* _What you should do_: Please restate every line below exactly, without any pictures.

* _Exercise data_:

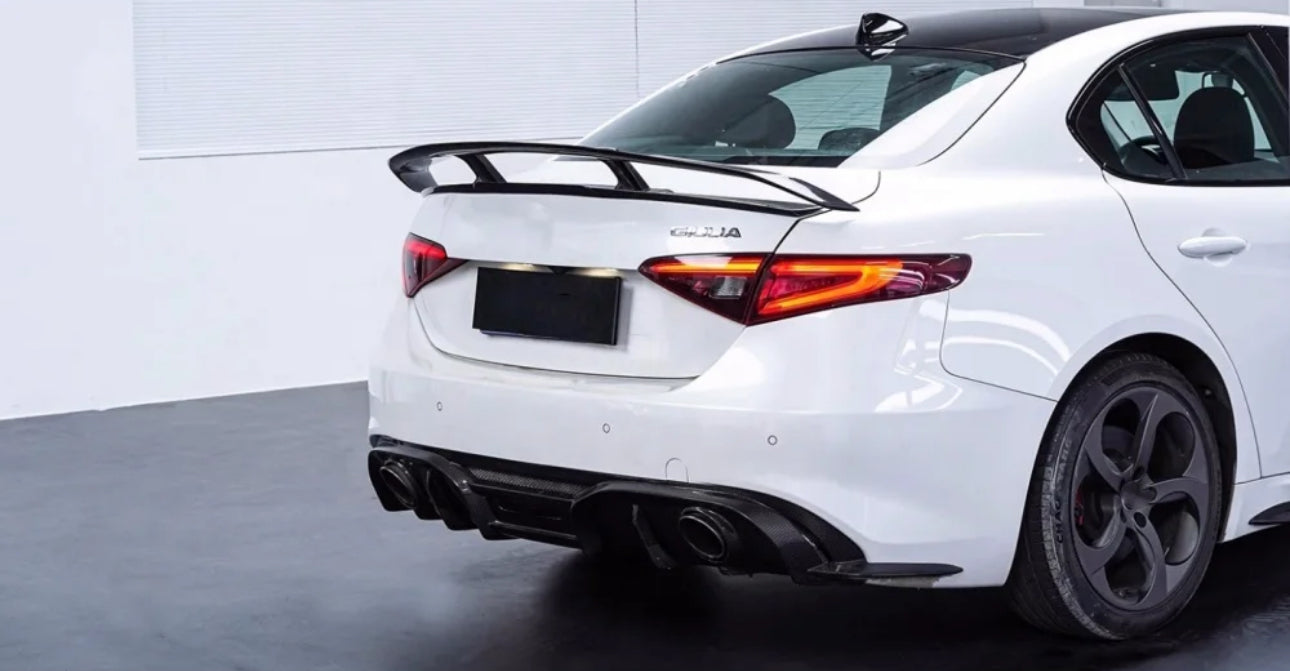 Alfa Romeo Giulia Aggressive Style Carbon Fiber Wing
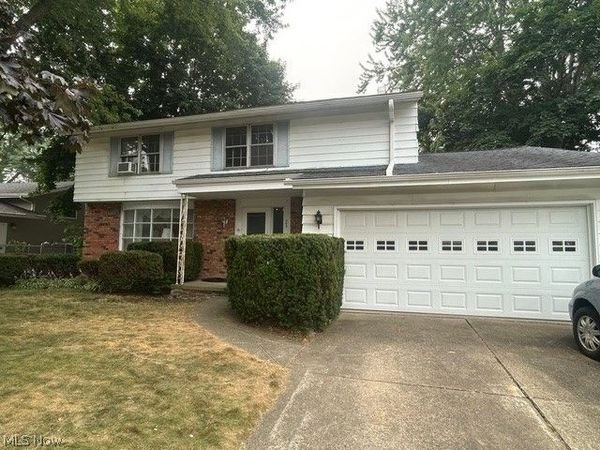 365 Wallace Drive, Berea, OH 44017
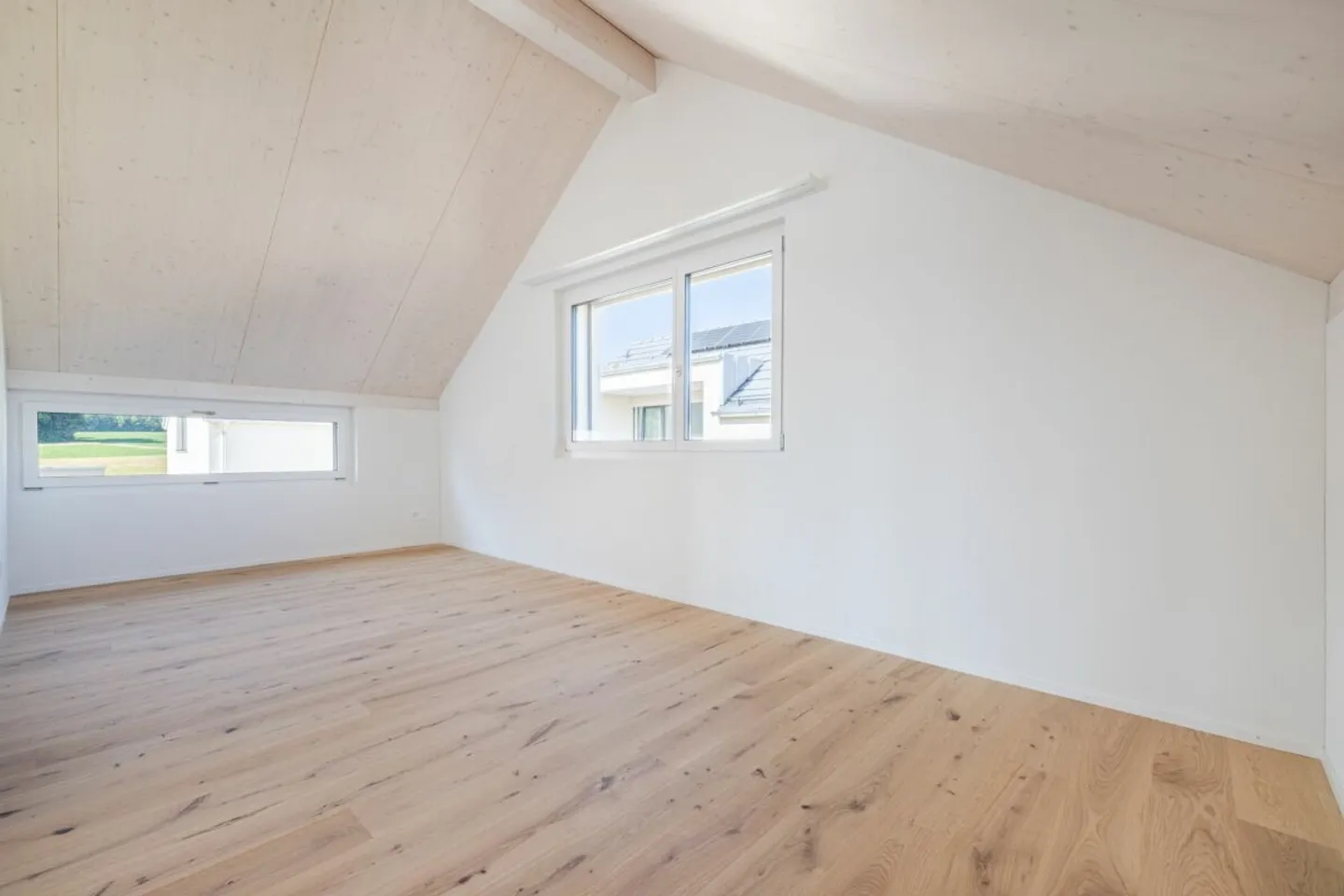 Vue dégagée sur le vert - grande maison individuelle de 6,5 pièces à Bätershausen (près de Kreuzlingen) - Photo 7 sur 11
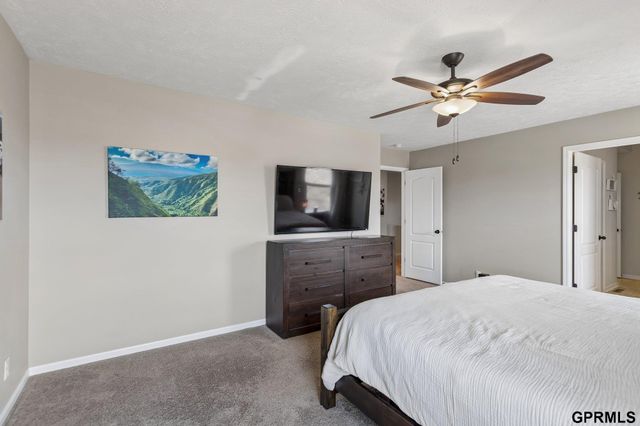 6022 S 193Rd Avenue, Omaha, NE 68135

* _Output_:
 Alfa Romeo Giulia Aggressive Style Carbon Fiber Wing
 365 Wallace Drive, Berea, OH 44017
 Vue dégagée sur le vert - grande maison individuelle de 6,5 pièces à Bätershausen (près de Kreuzlingen) - Photo 7 sur 11
 6022 S 193Rd Avenue, Omaha, NE 68135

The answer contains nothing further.